▶ _Task item_
Would you reproduce exactly the lines below from the one holding "Dr. Rajat Mittal, a" through the one holding "The Bantamweight is", inclusive, and no others?

▶ _Information provided_
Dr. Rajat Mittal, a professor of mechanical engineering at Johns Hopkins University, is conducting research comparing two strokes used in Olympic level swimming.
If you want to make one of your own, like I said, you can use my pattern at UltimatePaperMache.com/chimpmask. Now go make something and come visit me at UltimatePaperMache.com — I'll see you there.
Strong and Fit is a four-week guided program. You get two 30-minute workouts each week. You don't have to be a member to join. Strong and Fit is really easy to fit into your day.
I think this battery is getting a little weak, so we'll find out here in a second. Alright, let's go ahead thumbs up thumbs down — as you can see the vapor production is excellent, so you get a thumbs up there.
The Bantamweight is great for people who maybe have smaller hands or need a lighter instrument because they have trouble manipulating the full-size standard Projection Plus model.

* * *

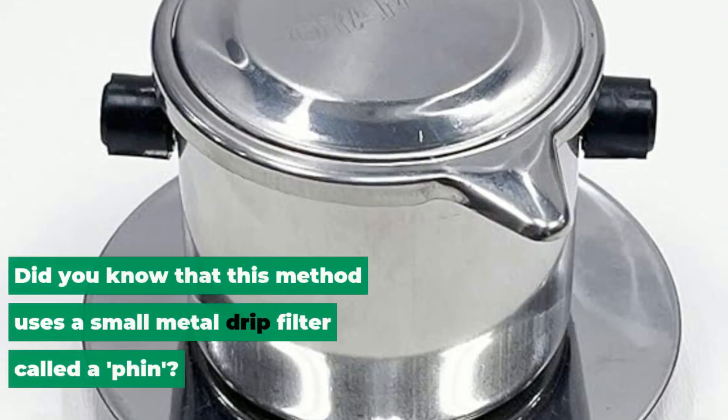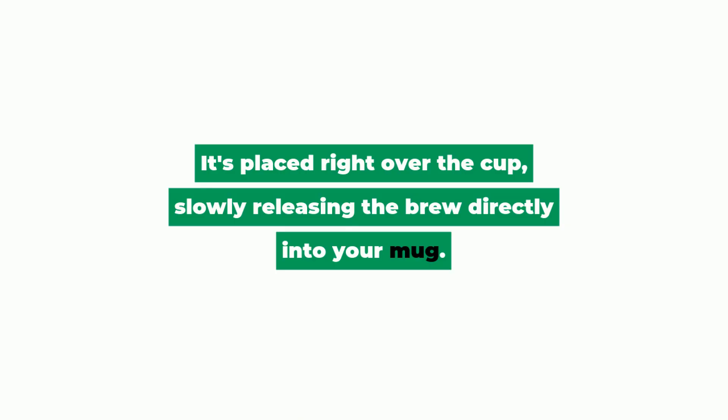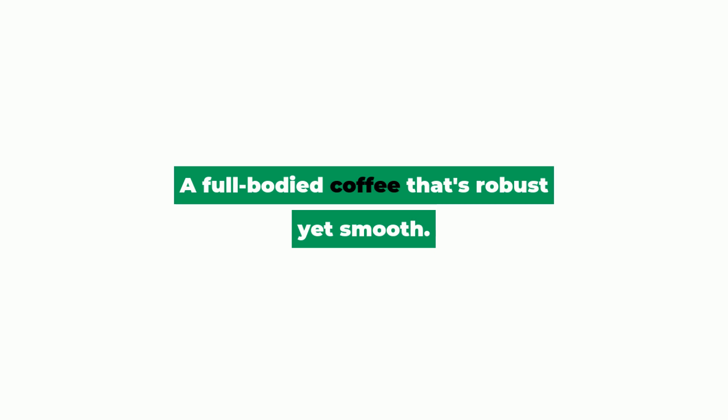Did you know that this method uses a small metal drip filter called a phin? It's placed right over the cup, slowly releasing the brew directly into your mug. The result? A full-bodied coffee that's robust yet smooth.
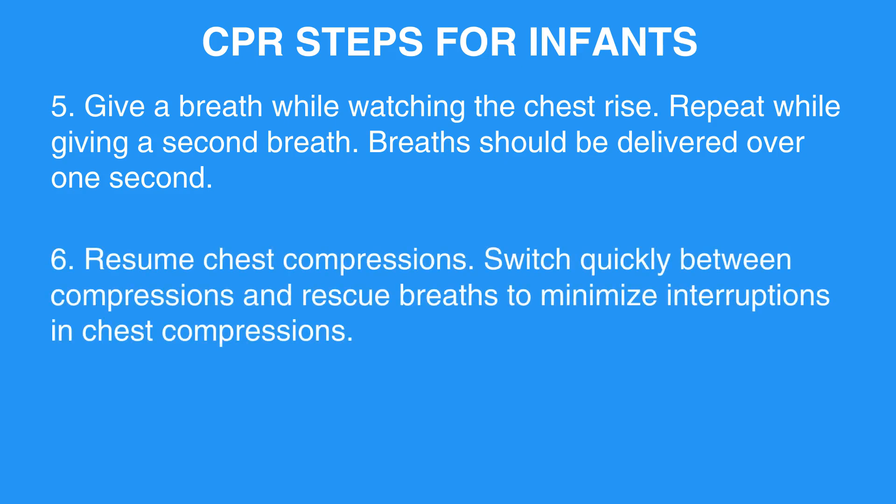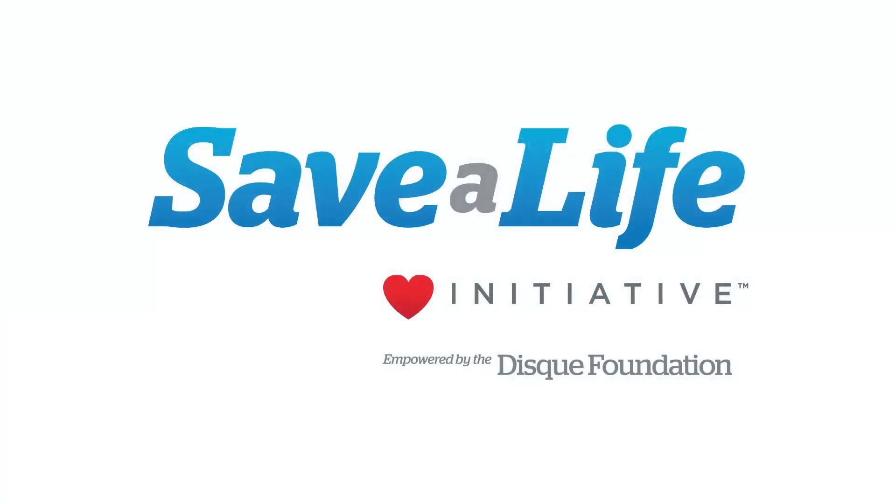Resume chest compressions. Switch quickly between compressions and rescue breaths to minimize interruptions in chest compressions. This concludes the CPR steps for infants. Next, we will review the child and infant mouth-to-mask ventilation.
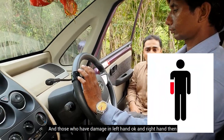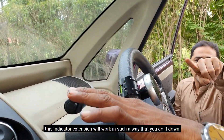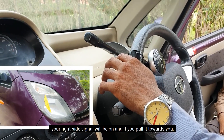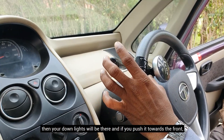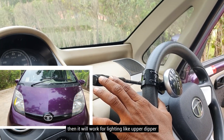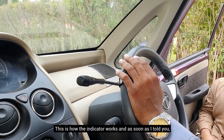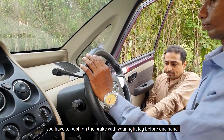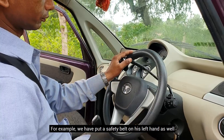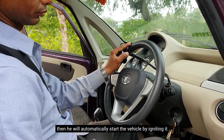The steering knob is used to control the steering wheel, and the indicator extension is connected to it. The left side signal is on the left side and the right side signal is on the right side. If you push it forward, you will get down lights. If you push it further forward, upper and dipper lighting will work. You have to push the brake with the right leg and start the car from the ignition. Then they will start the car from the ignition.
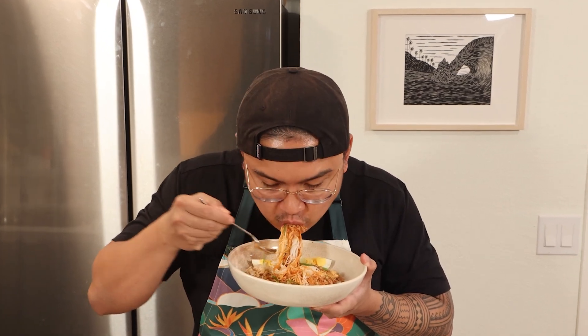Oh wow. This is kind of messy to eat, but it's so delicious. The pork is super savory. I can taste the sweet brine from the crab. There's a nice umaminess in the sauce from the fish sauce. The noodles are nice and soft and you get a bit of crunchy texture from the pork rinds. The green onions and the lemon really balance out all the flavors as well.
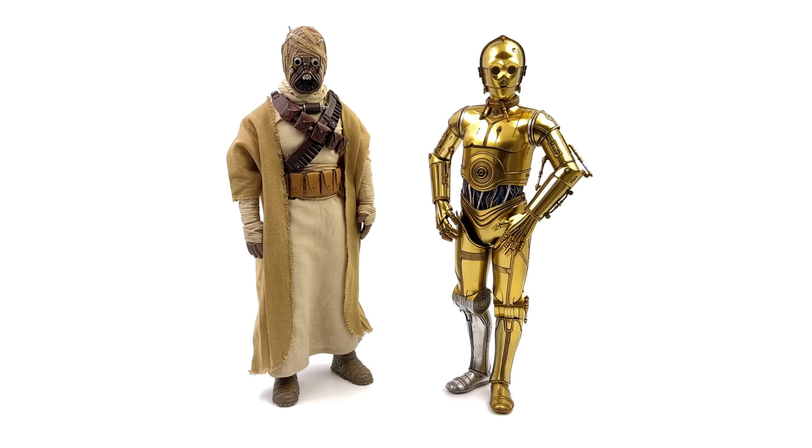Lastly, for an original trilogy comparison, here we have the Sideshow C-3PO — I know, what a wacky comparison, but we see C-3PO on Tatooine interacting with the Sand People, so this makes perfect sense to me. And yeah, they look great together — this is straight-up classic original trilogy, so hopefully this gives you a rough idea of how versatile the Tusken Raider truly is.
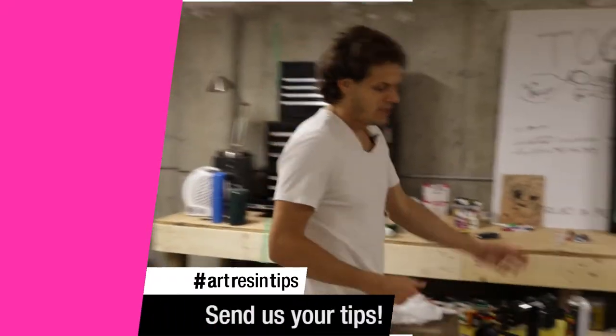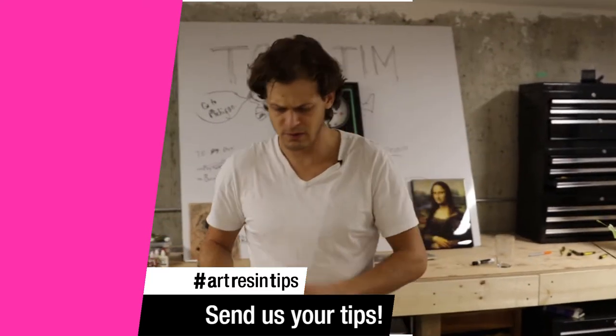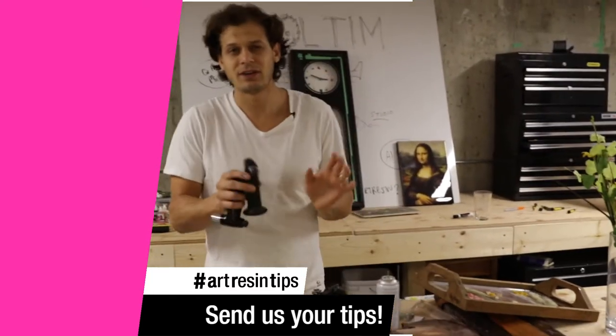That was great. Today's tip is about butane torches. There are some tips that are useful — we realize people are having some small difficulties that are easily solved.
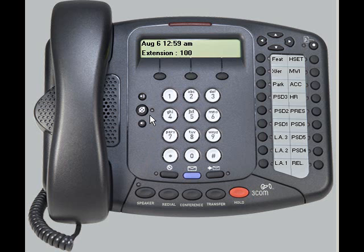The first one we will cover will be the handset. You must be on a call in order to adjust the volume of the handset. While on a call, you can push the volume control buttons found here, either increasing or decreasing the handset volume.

▶ _Problem solution_
Dr. Rajat Mittal, a professor of mechanical engineering at Johns Hopkins University, is conducting research comparing two strokes used in Olympic level swimming.
If you want to make one of your own, like I said, you can use my pattern at UltimatePaperMache.com/chimpmask. Now go make something and come visit me at UltimatePaperMache.com — I'll see you there.
Strong and Fit is a four-week guided program. You get two 30-minute workouts each week. You don't have to be a member to join. Strong and Fit is really easy to fit into your day.
I think this battery is getting a little weak, so we'll find out here in a second. Alright, let's go ahead thumbs up thumbs down — as you can see the vapor production is excellent, so you get a thumbs up there.
The Bantamweight is great for people who maybe have smaller hands or need a lighter instrument because they have trouble manipulating the full-size standard Projection Plus model.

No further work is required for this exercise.